Max raises an interesting question -- why do we race.  This is a good year for me to ask that question.  Last year I added triathlons to my routine.  Instead of running a marathon each Fall, and a few races the rest of the year, I trained for my first Olympic distance tri in 2009, and completed a half ironman in 2010.  Along the way I did a number of sprints for practice.  I also ran the Dublin Marathon with Spencer and Max.  That's a lot of racing.  So, I must like racing, right?  Short  answer is that I'm somewhat ambivalent about races.  There are things I like about races:  The energy at the start, the sense of accomplishment at the finish, the elation after a day has gone well.  But there are other things I don't like: the crowd scene at the start, the frustration about opportunities missed, or training errors that manifest in mile 18 . . .

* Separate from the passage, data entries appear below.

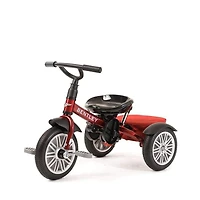 Bentley 6-in-1 Baby Stroller/Trike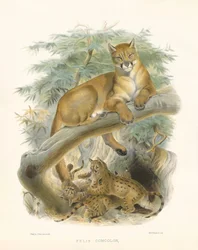 Leone di montagna o puma (Felis concolor)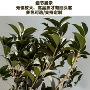 云南手工布置仿真永生花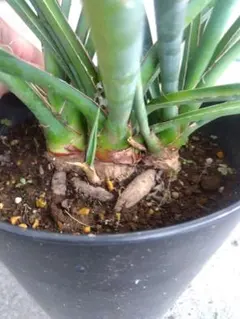 ユッカ　フィリフェラ　５号鉢つき　5頭❗ ユッカ フィリフェラ 5号鉢つき 5頭❗ 楽天市場】フィリフェラ ユッカの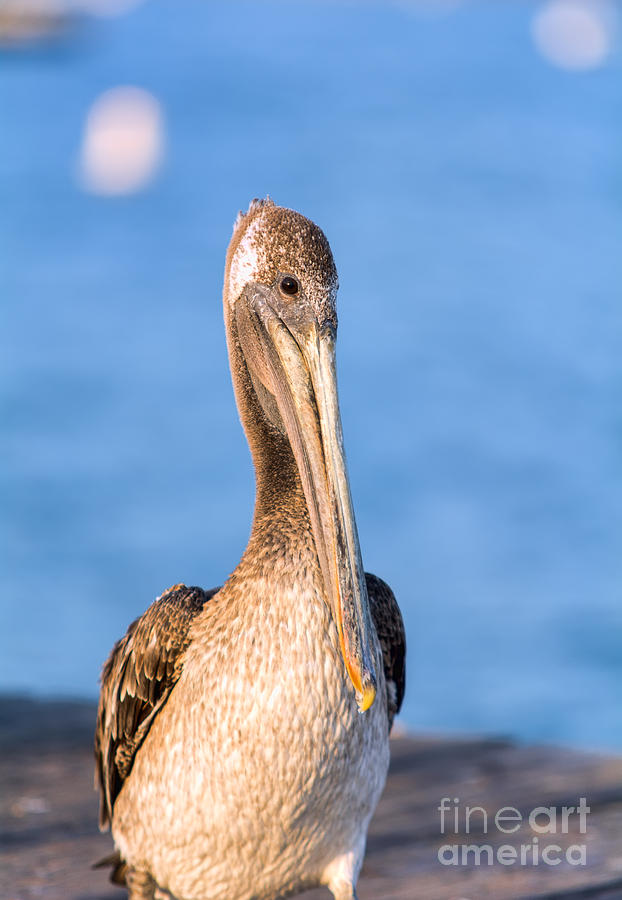 Pelican Portrait 2 Photograph by Eddie Yerkish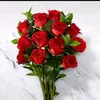 11_kkv1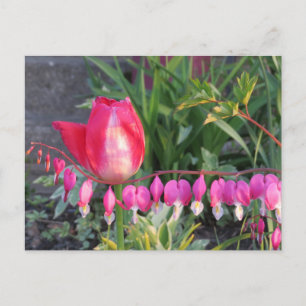 Carte Postale Tulipe Rouge Et Fleurs Cardiaques À Saignement Ros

The part I like, pretty much unequivocally, is the training.  I like the freedom of long runs, the conversations with friends, the variety of swimming, biking and running.  The reason for races is that they organize and motivate my training.  Without a race to train for, my workouts lack focus.  Without races, I can't measure my progress.  Without a race to train for I would not have the lurking fear of the "wall" to get me up each morning for a long workout.  The race is the end that motivates the means.  Or is it the other way around? Training is the end, and the race is the means??